America`s ultimatum to Pak: End ISI`s ‘proxy war’

US has warned Islamabad to cut ties with the terror group and help eliminate its leaders or it will act unilaterally.

Updated: Sep 22, 2011, 00:16 AM IST

Washington: Accusing Pakistan`s military-run ISI of using the Haqqani network to carry out a "proxy war", US has warned Islamabad to cut ties with the terror group and
help eliminate its leaders or it will act unilaterally.

In what amounts to an ultimatum, the US administration have indicated that the US will act unilaterally if Pakistan does not comply, `The Washington Post` daily reported.

Quoting officials, the paper said the message was delivered in high-level meetings and public statements over the past several days reflecting Washington`s view that the year-long strategy of using persuasion and military assistance to influence Pakistan`s behaviour has been ineffective.

According to the Post, White House officials and Defence Secretary Leon Panetta are said to be adamant in their determination to change the approach.

The report comes as Chairman of the Joint Chief of Staff Admiral Mike Mullen told a meeting here last night that in his discussions with Pakistan army chief Gen Ashfaq Parvez Kayani, he had pressed Islamabad to end its links with the terror group.

"We covered a full range of issues focusing on the danger of the Haqqani network, the need for the Haqqani Network to disengage...the need for the Haqqani network to disengage, specifically the need for the ISI to disconnect from Haqqani and from this proxy war that they`re fighting," he said during his address at Carnegie Endowment for International Peace

He added, "The ISI has been doing this - working for - supporting proxies for an extended period of time.
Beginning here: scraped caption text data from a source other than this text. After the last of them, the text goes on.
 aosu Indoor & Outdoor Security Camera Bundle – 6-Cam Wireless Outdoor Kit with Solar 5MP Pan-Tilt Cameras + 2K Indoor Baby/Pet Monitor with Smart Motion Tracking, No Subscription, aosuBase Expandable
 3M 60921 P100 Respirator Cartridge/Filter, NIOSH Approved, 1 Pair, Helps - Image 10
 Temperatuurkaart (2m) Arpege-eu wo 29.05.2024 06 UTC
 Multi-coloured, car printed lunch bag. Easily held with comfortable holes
It is a strategy in the country and I think that strategic approach
has to shift in the future."

The meeting with Kayani that took place in Spain lasted for over four hours.

The US blamed the Haqqani network, one of the most feared Taliban and al-Qaeda linked groups fighting in Afghanistan for last week`s attacks on the US embassy and NATO headquarters in Afghan capital Kabul.
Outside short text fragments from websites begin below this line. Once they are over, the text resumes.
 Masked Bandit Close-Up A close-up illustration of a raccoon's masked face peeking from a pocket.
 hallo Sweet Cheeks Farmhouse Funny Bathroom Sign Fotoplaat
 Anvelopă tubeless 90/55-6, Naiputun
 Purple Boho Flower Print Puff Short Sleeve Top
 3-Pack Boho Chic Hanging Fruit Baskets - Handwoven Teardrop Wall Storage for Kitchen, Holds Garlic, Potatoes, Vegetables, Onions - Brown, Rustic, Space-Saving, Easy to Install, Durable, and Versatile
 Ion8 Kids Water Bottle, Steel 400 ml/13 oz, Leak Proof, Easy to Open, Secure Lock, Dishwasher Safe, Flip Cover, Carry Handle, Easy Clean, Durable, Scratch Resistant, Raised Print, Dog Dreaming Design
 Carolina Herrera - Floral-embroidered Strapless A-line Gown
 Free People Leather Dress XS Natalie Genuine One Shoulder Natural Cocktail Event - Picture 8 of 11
American officials have suggested in the past that ISI has maintained links with Haqqanis to guarantee that Islamabad has a stake in any future political settlement in Afghanistan once US troops withdraw.

Washington has also vowed to put "as much pressure as possible" on Islamabad to control these insurgent groups on their side of the border.
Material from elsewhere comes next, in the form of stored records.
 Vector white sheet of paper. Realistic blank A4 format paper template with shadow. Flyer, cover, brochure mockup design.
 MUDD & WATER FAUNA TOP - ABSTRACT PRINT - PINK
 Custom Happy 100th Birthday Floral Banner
Meanwhile, while world leaders, jarred by the brazen assassination of top Afghan leader Burhanuddin Rabbani yesterday in Kabul, said his death would not derail Afghan peace process, the US military said the attack signalled that the Taliban was changing tactics by moving off the battlefield to go after high-profile targets elsewhere.

"Strategically, they`re significant," said Mullen, referring to a series of Taliban suicide bombings over the summer that killed, among others, President Karzai`s half brother and recent bold attacks near the US embassy and NATO headquarters in the Afghan capital.

Mullen and Defense Secretary Leon Panetta, who were speaking at a Pentagon press briefing here, said the assassination tactic was a "concern" and US commanders were working with Afghan forces to try to thwart the Taliban.

"The bottom line still remains that we are moving in the right direction," Panetta added.